Exercise material START

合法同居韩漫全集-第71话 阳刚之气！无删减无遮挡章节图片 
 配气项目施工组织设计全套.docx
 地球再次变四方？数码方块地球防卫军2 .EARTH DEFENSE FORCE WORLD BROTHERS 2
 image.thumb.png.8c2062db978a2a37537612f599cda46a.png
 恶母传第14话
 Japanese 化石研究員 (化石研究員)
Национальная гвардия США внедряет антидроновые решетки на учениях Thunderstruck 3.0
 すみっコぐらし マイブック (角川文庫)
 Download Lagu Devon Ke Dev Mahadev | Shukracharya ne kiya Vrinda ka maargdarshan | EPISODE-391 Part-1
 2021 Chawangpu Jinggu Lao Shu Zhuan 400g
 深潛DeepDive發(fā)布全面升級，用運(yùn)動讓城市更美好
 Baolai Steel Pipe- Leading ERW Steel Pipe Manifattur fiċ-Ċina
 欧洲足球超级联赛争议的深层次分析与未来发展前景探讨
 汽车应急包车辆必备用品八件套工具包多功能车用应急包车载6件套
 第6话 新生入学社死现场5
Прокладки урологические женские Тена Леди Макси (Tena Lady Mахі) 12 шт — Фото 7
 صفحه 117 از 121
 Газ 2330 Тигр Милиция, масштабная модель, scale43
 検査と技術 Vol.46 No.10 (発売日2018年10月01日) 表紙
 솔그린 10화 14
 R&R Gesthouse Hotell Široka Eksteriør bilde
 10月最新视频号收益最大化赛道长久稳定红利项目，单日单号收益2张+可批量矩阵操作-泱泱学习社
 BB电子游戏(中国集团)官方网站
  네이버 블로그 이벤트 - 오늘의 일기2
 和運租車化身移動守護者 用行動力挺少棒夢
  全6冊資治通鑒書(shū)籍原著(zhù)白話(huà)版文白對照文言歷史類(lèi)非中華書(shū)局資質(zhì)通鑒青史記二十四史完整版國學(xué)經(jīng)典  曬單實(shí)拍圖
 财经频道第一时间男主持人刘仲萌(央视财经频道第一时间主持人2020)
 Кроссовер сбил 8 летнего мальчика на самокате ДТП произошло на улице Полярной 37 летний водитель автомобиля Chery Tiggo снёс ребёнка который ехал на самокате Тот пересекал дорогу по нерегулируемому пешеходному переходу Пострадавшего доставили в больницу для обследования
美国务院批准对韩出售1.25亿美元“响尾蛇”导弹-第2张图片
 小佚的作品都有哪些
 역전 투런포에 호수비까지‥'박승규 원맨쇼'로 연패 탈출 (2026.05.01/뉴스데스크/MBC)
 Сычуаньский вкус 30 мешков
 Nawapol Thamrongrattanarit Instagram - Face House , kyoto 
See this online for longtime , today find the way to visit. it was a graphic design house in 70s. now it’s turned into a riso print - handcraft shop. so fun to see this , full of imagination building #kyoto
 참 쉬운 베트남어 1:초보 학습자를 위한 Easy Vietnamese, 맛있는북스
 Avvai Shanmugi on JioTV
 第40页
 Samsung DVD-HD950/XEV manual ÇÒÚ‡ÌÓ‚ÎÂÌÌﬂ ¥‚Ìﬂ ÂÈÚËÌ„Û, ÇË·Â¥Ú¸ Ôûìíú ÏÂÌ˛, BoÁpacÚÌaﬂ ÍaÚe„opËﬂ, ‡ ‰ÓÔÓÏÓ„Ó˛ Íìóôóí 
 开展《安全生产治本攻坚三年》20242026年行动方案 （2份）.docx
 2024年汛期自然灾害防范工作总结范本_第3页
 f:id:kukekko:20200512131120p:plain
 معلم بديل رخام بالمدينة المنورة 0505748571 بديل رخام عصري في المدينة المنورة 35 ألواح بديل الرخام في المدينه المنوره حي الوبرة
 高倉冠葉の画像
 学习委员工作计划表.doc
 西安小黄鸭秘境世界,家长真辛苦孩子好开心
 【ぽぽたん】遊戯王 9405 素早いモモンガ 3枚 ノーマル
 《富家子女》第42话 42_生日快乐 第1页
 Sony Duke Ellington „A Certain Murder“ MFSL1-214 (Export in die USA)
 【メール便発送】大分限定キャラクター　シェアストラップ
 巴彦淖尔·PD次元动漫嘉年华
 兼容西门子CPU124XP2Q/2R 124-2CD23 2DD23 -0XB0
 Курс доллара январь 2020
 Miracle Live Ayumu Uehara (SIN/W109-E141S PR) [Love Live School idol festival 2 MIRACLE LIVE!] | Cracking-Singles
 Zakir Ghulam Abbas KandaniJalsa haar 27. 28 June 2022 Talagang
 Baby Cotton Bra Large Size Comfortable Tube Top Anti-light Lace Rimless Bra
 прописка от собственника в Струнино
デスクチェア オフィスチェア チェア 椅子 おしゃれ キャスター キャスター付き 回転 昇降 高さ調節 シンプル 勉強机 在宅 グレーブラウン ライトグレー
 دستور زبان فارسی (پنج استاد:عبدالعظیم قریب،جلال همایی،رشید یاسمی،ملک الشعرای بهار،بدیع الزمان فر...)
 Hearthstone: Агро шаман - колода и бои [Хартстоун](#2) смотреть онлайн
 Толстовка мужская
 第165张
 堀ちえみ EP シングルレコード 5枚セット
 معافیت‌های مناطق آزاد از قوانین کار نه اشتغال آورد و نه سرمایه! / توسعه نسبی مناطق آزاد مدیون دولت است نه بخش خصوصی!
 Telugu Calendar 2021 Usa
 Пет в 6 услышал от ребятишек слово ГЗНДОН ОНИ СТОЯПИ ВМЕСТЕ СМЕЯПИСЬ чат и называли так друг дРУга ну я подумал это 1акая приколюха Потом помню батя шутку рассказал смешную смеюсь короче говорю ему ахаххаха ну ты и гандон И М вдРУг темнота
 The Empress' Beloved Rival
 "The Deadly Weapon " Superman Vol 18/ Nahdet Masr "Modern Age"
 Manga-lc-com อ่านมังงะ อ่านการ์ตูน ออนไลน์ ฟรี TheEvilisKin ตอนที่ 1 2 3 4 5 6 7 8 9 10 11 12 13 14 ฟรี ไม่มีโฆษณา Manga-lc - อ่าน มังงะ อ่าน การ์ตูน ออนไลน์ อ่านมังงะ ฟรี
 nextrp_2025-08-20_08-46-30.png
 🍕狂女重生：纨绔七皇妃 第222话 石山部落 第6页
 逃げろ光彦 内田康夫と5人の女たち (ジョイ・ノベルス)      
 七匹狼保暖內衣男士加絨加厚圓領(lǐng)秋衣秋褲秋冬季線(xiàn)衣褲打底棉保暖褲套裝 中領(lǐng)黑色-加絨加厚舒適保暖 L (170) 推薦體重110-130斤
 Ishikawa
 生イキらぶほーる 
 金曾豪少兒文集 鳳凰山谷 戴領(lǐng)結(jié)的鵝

Exercise material END

== Your task ==
The full listing is to be copied verbatim.

== Response ==
合法同居韩漫全集-第71话 阳刚之气！无删减无遮挡章节图片 
 配气项目施工组织设计全套.docx
 地球再次变四方？数码方块地球防卫军2 .EARTH DEFENSE FORCE WORLD BROTHERS 2
 image.thumb.png.8c2062db978a2a37537612f599cda46a.png
 恶母传第14话
 Japanese 化石研究員 (化石研究員)
Национальная гвардия США внедряет антидроновые решетки на учениях Thunderstruck 3.0
 すみっコぐらし マイブック (角川文庫)
 Download Lagu Devon Ke Dev Mahadev | Shukracharya ne kiya Vrinda ka maargdarshan | EPISODE-391 Part-1
 2021 Chawangpu Jinggu Lao Shu Zhuan 400g
 深潛DeepDive發(fā)布全面升級，用運(yùn)動讓城市更美好
 Baolai Steel Pipe- Leading ERW Steel Pipe Manifattur fiċ-Ċina
 欧洲足球超级联赛争议的深层次分析与未来发展前景探讨
 汽车应急包车辆必备用品八件套工具包多功能车用应急包车载6件套
 第6话 新生入学社死现场5
Прокладки урологические женские Тена Леди Макси (Tena Lady Mахі) 12 шт — Фото 7
 صفحه 117 از 121
 Газ 2330 Тигр Милиция, масштабная модель, scale43
 検査と技術 Vol.46 No.10 (発売日2018年10月01日) 表紙
 솔그린 10화 14
 R&R Gesthouse Hotell Široka Eksteriør bilde
 10月最新视频号收益最大化赛道长久稳定红利项目，单日单号收益2张+可批量矩阵操作-泱泱学习社
 BB电子游戏(中国集团)官方网站
  네이버 블로그 이벤트 - 오늘의 일기2
 和運租車化身移動守護者 用行動力挺少棒夢
  全6冊資治通鑒書(shū)籍原著(zhù)白話(huà)版文白對照文言歷史類(lèi)非中華書(shū)局資質(zhì)通鑒青史記二十四史完整版國學(xué)經(jīng)典  曬單實(shí)拍圖
 财经频道第一时间男主持人刘仲萌(央视财经频道第一时间主持人2020)
 Кроссовер сбил 8 летнего мальчика на самокате ДТП произошло на улице Полярной 37 летний водитель автомобиля Chery Tiggo снёс ребёнка который ехал на самокате Тот пересекал дорогу по нерегулируемому пешеходному переходу Пострадавшего доставили в больницу для обследования
美国务院批准对韩出售1.25亿美元“响尾蛇”导弹-第2张图片
 小佚的作品都有哪些
 역전 투런포에 호수비까지‥'박승규 원맨쇼'로 연패 탈출 (2026.05.01/뉴스데스크/MBC)
 Сычуаньский вкус 30 мешков
 Nawapol Thamrongrattanarit Instagram - Face House , kyoto 
See this online for longtime , today find the way to visit. it was a graphic design house in 70s. now it’s turned into a riso print - handcraft shop. so fun to see this , full of imagination building #kyoto
 참 쉬운 베트남어 1:초보 학습자를 위한 Easy Vietnamese, 맛있는북스
 Avvai Shanmugi on JioTV
 第40页
 Samsung DVD-HD950/XEV manual ÇÒÚ‡ÌÓ‚ÎÂÌÌﬂ ¥‚Ìﬂ ÂÈÚËÌ„Û, ÇË·Â¥Ú¸ Ôûìíú ÏÂÌ˛, BoÁpacÚÌaﬂ ÍaÚe„opËﬂ, ‡ ‰ÓÔÓÏÓ„Ó˛ Íìóôóí 
 开展《安全生产治本攻坚三年》20242026年行动方案 （2份）.docx
 2024年汛期自然灾害防范工作总结范本_第3页
 f:id:kukekko:20200512131120p:plain
 معلم بديل رخام بالمدينة المنورة 0505748571 بديل رخام عصري في المدينة المنورة 35 ألواح بديل الرخام في المدينه المنوره حي الوبرة
 高倉冠葉の画像
 学习委员工作计划表.doc
 西安小黄鸭秘境世界,家长真辛苦孩子好开心
 【ぽぽたん】遊戯王 9405 素早いモモンガ 3枚 ノーマル
 《富家子女》第42话 42_生日快乐 第1页
 Sony Duke Ellington „A Certain Murder“ MFSL1-214 (Export in die USA)
 【メール便発送】大分限定キャラクター　シェアストラップ
 巴彦淖尔·PD次元动漫嘉年华
 兼容西门子CPU124XP2Q/2R 124-2CD23 2DD23 -0XB0
 Курс доллара январь 2020
 Miracle Live Ayumu Uehara (SIN/W109-E141S PR) [Love Live School idol festival 2 MIRACLE LIVE!] | Cracking-Singles
 Zakir Ghulam Abbas KandaniJalsa haar 27. 28 June 2022 Talagang
 Baby Cotton Bra Large Size Comfortable Tube Top Anti-light Lace Rimless Bra
 прописка от собственника в Струнино
デスクチェア オフィスチェア チェア 椅子 おしゃれ キャスター キャスター付き 回転 昇降 高さ調節 シンプル 勉強机 在宅 グレーブラウン ライトグレー
 دستور زبان فارسی (پنج استاد:عبدالعظیم قریب،جلال همایی،رشید یاسمی،ملک الشعرای بهار،بدیع الزمان فر...)
 Hearthstone: Агро шаман - колода и бои [Хартстоун](#2) смотреть онлайн
 Толстовка мужская
 第165张
 堀ちえみ EP シングルレコード 5枚セット
 معافیت‌های مناطق آزاد از قوانین کار نه اشتغال آورد و نه سرمایه! / توسعه نسبی مناطق آزاد مدیون دولت است نه بخش خصوصی!
 Telugu Calendar 2021 Usa
 Пет в 6 услышал от ребятишек слово ГЗНДОН ОНИ СТОЯПИ ВМЕСТЕ СМЕЯПИСЬ чат и называли так друг дРУга ну я подумал это 1акая приколюха Потом помню батя шутку рассказал смешную смеюсь короче говорю ему ахаххаха ну ты и гандон И М вдРУг темнота
 The Empress' Beloved Rival
 "The Deadly Weapon " Superman Vol 18/ Nahdet Masr "Modern Age"
 Manga-lc-com อ่านมังงะ อ่านการ์ตูน ออนไลน์ ฟรี TheEvilisKin ตอนที่ 1 2 3 4 5 6 7 8 9 10 11 12 13 14 ฟรี ไม่มีโฆษณา Manga-lc - อ่าน มังงะ อ่าน การ์ตูน ออนไลน์ อ่านมังงะ ฟรี
 nextrp_2025-08-20_08-46-30.png
 🍕狂女重生：纨绔七皇妃 第222话 石山部落 第6页
 逃げろ光彦 内田康夫と5人の女たち (ジョイ・ノベルス)      
 七匹狼保暖內衣男士加絨加厚圓領(lǐng)秋衣秋褲秋冬季線(xiàn)衣褲打底棉保暖褲套裝 中領(lǐng)黑色-加絨加厚舒適保暖 L (170) 推薦體重110-130斤
 Ishikawa
 生イキらぶほーる 
 金曾豪少兒文集 鳳凰山谷 戴領(lǐng)結(jié)的鵝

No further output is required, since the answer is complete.